§ Your goal
Please output exactly the part of the records below that opens with the line containing "Karadeniz Arkeolojisi - Episode 9" and closes with the line containing "AudioLibro La Salvaje", both lines included, and nothing else.

==============================

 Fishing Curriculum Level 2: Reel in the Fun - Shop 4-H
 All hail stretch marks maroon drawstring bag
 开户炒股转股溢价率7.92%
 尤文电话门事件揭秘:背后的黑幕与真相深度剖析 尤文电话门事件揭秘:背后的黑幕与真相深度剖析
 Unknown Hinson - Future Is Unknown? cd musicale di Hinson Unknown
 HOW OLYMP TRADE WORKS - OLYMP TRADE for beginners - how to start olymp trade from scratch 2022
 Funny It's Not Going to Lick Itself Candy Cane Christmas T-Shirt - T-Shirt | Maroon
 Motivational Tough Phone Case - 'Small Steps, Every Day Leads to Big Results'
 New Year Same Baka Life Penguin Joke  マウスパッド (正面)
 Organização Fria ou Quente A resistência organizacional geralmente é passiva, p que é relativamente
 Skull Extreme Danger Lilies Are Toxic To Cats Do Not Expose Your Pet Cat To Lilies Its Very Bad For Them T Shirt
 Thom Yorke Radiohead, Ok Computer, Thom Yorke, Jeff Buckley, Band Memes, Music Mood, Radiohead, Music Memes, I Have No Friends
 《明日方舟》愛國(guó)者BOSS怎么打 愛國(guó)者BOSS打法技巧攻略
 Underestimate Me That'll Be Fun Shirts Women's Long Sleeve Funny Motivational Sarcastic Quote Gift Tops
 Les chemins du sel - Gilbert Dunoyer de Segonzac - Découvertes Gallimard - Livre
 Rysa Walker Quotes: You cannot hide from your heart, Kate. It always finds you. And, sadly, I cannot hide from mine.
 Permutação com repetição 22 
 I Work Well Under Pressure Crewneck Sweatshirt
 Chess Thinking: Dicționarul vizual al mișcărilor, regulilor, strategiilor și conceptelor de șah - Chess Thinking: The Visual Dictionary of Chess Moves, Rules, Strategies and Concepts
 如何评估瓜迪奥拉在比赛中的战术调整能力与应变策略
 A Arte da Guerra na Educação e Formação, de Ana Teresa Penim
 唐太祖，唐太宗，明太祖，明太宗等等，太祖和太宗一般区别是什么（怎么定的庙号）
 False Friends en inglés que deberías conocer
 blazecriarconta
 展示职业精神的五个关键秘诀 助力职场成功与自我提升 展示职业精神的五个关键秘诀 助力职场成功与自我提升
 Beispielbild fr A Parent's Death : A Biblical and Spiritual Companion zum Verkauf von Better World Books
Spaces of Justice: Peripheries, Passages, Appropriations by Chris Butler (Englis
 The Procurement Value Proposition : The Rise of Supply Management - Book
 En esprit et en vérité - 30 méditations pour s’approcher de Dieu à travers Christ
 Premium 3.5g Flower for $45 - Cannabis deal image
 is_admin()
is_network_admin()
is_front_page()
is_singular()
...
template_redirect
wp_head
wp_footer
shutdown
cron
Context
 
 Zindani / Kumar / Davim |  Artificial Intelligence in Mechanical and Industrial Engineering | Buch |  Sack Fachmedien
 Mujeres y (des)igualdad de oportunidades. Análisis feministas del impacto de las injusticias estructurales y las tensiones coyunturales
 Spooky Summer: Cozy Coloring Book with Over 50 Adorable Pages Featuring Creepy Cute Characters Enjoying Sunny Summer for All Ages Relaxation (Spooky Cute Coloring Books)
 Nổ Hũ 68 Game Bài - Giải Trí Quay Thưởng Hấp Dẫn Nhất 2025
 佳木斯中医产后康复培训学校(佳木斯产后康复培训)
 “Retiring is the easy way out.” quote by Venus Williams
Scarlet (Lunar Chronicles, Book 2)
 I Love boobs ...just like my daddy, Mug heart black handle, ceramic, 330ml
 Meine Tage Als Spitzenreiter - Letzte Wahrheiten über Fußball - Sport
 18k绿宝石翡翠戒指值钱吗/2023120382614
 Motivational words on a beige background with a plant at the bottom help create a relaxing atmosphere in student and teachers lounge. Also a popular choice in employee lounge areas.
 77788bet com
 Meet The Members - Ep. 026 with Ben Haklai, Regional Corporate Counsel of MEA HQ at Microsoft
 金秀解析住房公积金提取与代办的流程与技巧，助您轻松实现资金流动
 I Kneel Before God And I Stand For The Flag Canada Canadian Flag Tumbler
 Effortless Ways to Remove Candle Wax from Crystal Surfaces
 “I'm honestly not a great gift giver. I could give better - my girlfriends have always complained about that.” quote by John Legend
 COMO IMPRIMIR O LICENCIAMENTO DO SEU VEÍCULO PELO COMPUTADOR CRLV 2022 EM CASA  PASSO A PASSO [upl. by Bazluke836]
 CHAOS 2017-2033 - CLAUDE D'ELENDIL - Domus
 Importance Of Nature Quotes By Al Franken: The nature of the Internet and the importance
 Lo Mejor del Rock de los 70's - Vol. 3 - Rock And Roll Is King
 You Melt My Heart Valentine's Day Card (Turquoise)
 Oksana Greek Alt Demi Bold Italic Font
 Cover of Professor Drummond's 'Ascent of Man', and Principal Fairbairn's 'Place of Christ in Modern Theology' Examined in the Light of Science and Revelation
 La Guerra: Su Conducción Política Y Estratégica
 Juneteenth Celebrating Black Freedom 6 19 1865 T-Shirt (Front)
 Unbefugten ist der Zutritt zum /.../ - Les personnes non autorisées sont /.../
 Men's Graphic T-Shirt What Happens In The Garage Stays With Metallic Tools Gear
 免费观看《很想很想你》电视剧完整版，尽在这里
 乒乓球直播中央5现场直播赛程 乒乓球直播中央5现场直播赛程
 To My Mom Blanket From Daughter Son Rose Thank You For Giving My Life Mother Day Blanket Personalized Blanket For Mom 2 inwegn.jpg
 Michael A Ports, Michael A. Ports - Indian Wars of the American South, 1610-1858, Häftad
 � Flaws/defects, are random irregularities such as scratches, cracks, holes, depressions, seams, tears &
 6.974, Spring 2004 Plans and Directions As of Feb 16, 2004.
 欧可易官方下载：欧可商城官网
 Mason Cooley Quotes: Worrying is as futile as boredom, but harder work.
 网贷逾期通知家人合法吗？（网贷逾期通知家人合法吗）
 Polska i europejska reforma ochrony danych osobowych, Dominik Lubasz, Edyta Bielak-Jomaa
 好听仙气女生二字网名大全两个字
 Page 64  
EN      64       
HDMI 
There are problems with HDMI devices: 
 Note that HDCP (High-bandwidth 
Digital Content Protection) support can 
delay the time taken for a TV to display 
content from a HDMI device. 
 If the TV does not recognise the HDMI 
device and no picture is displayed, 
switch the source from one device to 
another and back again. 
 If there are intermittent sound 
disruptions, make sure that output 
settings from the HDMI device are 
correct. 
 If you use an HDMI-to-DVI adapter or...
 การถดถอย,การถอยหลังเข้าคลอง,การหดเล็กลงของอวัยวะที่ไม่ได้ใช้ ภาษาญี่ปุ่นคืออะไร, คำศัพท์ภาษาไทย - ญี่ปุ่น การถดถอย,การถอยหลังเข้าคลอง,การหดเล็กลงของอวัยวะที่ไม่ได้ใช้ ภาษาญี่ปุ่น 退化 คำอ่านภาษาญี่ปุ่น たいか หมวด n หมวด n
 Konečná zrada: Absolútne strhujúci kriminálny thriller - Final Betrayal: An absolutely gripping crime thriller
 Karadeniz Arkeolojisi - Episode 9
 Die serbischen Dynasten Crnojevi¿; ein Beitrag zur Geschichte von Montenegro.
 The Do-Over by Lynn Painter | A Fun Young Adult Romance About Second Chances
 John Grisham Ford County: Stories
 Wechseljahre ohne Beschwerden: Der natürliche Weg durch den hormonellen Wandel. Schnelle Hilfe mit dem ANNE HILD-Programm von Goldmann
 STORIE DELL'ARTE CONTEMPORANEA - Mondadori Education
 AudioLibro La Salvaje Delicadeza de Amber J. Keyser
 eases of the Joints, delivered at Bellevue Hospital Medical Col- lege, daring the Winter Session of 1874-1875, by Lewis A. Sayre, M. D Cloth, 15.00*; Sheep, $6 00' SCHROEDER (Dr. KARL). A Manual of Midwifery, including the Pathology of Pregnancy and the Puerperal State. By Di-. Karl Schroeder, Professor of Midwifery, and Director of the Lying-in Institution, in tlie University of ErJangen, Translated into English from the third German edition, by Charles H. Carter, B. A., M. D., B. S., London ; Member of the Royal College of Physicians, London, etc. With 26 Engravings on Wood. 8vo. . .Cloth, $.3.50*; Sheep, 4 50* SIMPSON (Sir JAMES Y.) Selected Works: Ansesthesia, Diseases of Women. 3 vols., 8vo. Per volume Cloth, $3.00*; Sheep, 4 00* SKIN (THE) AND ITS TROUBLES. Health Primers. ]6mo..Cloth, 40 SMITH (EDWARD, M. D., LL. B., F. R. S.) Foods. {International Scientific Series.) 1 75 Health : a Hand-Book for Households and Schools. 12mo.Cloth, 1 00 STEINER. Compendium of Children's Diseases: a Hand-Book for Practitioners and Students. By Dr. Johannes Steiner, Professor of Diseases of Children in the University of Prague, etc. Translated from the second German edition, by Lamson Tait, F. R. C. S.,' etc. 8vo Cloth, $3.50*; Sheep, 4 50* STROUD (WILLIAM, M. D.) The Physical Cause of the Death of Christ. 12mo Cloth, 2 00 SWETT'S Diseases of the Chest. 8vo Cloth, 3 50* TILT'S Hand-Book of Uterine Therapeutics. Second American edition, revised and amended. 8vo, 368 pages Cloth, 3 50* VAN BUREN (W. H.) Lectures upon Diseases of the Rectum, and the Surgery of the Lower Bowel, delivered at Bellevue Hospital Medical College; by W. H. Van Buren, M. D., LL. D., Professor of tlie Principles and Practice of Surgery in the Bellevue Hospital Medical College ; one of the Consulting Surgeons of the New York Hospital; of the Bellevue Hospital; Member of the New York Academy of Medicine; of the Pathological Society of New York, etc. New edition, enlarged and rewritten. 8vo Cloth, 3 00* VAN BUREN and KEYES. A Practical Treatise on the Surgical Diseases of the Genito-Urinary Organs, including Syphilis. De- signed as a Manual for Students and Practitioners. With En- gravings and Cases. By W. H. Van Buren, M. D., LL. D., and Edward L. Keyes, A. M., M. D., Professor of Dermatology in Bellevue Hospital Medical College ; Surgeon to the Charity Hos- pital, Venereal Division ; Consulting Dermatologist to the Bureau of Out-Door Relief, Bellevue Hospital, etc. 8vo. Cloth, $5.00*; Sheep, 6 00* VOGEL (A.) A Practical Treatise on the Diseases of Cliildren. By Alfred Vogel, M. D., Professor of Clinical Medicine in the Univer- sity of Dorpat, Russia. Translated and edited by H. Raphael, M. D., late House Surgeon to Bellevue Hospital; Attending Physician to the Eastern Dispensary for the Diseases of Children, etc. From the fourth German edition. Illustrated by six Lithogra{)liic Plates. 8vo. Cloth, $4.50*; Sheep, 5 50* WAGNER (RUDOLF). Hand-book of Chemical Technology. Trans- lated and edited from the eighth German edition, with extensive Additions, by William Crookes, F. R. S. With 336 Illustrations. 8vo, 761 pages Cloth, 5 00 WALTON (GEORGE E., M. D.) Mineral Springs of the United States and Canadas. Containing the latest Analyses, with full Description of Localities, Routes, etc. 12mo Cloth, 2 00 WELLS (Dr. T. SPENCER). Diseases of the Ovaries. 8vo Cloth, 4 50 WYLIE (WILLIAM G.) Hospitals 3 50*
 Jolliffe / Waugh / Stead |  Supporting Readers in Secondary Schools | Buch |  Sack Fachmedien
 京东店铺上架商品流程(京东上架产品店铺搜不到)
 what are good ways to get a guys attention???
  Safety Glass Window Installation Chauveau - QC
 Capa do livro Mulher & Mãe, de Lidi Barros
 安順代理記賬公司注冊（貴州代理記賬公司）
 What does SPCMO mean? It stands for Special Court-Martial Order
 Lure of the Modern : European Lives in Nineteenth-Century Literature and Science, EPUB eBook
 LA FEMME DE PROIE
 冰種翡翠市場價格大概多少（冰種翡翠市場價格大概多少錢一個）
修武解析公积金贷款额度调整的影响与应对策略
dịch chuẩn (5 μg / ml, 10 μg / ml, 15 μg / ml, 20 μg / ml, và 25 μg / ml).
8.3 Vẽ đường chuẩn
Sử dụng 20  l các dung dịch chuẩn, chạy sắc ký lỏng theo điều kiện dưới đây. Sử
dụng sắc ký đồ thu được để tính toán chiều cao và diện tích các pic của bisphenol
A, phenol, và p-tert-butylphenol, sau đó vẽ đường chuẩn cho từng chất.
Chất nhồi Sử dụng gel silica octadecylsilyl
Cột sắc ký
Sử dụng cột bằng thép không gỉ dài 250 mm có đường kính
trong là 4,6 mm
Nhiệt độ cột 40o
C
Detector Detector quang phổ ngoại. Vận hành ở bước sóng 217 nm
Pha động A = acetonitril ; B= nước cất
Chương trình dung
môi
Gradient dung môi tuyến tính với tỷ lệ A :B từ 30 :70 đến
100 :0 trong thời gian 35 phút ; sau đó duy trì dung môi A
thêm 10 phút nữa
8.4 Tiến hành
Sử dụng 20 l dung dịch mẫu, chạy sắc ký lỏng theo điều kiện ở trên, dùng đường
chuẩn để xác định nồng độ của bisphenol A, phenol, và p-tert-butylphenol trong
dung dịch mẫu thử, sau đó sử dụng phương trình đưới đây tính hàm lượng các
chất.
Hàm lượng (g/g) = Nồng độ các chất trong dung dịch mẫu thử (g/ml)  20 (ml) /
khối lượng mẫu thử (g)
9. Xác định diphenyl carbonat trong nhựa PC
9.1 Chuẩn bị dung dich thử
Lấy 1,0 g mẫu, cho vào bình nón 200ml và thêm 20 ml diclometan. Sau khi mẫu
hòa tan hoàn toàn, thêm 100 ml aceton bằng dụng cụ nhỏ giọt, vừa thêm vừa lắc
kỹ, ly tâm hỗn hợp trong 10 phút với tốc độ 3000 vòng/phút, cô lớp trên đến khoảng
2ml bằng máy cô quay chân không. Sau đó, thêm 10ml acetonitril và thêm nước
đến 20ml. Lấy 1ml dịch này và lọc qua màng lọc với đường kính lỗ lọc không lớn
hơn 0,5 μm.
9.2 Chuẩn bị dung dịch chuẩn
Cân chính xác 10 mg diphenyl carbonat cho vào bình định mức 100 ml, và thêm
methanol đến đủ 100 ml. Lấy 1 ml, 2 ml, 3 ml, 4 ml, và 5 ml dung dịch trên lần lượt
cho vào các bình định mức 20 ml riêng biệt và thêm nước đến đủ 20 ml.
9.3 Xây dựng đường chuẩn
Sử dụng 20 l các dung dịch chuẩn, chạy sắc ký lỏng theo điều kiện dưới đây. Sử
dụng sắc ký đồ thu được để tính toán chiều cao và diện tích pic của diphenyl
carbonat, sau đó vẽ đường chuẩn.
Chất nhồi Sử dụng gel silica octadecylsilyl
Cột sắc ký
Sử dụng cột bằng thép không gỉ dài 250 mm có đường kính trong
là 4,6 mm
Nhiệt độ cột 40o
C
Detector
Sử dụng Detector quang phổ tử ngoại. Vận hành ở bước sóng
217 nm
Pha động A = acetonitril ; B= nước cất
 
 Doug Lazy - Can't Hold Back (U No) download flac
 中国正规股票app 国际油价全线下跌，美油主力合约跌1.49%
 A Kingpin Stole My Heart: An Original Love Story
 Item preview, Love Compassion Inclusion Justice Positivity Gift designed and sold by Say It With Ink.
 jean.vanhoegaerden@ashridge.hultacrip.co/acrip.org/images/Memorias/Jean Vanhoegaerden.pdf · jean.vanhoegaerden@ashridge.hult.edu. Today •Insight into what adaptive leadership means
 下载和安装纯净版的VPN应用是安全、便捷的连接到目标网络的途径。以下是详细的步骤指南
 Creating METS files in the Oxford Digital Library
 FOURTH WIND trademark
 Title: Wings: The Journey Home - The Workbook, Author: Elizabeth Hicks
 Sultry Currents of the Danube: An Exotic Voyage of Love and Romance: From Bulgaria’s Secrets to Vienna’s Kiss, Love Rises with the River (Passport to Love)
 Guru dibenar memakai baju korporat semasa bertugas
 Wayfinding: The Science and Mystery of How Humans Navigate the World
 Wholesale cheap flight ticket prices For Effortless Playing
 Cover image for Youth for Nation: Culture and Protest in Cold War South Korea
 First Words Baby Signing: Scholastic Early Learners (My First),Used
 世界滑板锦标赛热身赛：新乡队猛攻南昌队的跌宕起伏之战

==============================

§ Answer to this task
 Karadeniz Arkeolojisi - Episode 9
 Die serbischen Dynasten Crnojevi¿; ein Beitrag zur Geschichte von Montenegro.
 The Do-Over by Lynn Painter | A Fun Young Adult Romance About Second Chances
 John Grisham Ford County: Stories
 Wechseljahre ohne Beschwerden: Der natürliche Weg durch den hormonellen Wandel. Schnelle Hilfe mit dem ANNE HILD-Programm von Goldmann
 STORIE DELL'ARTE CONTEMPORANEA - Mondadori Education
 AudioLibro La Salvaje Delicadeza de Amber J. Keyser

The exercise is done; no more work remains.